--- START ---

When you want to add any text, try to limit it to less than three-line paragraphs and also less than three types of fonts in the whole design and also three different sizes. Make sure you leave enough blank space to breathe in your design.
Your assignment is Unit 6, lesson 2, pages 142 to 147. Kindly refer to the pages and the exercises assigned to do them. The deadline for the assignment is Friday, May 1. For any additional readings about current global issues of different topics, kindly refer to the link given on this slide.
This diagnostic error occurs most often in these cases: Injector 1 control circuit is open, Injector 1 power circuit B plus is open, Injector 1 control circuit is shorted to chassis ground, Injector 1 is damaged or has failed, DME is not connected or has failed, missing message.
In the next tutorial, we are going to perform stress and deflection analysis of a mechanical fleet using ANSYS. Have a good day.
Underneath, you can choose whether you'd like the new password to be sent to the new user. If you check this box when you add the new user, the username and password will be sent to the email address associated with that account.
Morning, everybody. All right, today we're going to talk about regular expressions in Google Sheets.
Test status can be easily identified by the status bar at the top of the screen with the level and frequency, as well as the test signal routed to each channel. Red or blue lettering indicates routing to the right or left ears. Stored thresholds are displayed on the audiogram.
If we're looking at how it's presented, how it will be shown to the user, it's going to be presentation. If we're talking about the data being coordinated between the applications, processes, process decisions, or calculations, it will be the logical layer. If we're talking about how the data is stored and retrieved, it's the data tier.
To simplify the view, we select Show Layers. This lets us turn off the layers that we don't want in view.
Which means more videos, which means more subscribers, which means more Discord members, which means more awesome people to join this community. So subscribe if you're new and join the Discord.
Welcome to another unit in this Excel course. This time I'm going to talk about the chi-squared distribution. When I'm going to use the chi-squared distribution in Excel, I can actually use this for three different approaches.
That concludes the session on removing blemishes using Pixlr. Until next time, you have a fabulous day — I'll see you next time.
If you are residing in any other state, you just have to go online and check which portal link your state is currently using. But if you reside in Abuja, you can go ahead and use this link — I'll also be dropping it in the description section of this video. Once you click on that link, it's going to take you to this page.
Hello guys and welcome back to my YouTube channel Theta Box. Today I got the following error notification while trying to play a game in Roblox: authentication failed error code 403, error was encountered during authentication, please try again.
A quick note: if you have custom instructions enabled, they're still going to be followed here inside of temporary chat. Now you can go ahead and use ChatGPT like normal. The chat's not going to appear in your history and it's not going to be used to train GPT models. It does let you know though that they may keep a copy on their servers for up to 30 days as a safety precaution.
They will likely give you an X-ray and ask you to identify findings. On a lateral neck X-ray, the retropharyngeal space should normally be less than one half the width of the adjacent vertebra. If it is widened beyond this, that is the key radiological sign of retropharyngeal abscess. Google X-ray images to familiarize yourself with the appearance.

--- END ---

_Task to carry out_
From the first line to the last, return the material exactly.

_Response_
When you want to add any text, try to limit it to less than three-line paragraphs and also less than three types of fonts in the whole design and also three different sizes. Make sure you leave enough blank space to breathe in your design.
Your assignment is Unit 6, lesson 2, pages 142 to 147. Kindly refer to the pages and the exercises assigned to do them. The deadline for the assignment is Friday, May 1. For any additional readings about current global issues of different topics, kindly refer to the link given on this slide.
This diagnostic error occurs most often in these cases: Injector 1 control circuit is open, Injector 1 power circuit B plus is open, Injector 1 control circuit is shorted to chassis ground, Injector 1 is damaged or has failed, DME is not connected or has failed, missing message.
In the next tutorial, we are going to perform stress and deflection analysis of a mechanical fleet using ANSYS. Have a good day.
Underneath, you can choose whether you'd like the new password to be sent to the new user. If you check this box when you add the new user, the username and password will be sent to the email address associated with that account.
Morning, everybody. All right, today we're going to talk about regular expressions in Google Sheets.
Test status can be easily identified by the status bar at the top of the screen with the level and frequency, as well as the test signal routed to each channel. Red or blue lettering indicates routing to the right or left ears. Stored thresholds are displayed on the audiogram.
If we're looking at how it's presented, how it will be shown to the user, it's going to be presentation. If we're talking about the data being coordinated between the applications, processes, process decisions, or calculations, it will be the logical layer. If we're talking about how the data is stored and retrieved, it's the data tier.
To simplify the view, we select Show Layers. This lets us turn off the layers that we don't want in view.
Which means more videos, which means more subscribers, which means more Discord members, which means more awesome people to join this community. So subscribe if you're new and join the Discord.
Welcome to another unit in this Excel course. This time I'm going to talk about the chi-squared distribution. When I'm going to use the chi-squared distribution in Excel, I can actually use this for three different approaches.
That concludes the session on removing blemishes using Pixlr. Until next time, you have a fabulous day — I'll see you next time.
If you are residing in any other state, you just have to go online and check which portal link your state is currently using. But if you reside in Abuja, you can go ahead and use this link — I'll also be dropping it in the description section of this video. Once you click on that link, it's going to take you to this page.
Hello guys and welcome back to my YouTube channel Theta Box. Today I got the following error notification while trying to play a game in Roblox: authentication failed error code 403, error was encountered during authentication, please try again.
A quick note: if you have custom instructions enabled, they're still going to be followed here inside of temporary chat. Now you can go ahead and use ChatGPT like normal. The chat's not going to appear in your history and it's not going to be used to train GPT models. It does let you know though that they may keep a copy on their servers for up to 30 days as a safety precaution.
They will likely give you an X-ray and ask you to identify findings. On a lateral neck X-ray, the retropharyngeal space should normally be less than one half the width of the adjacent vertebra. If it is widened beyond this, that is the key radiological sign of retropharyngeal abscess. Google X-ray images to familiarize yourself with the appearance.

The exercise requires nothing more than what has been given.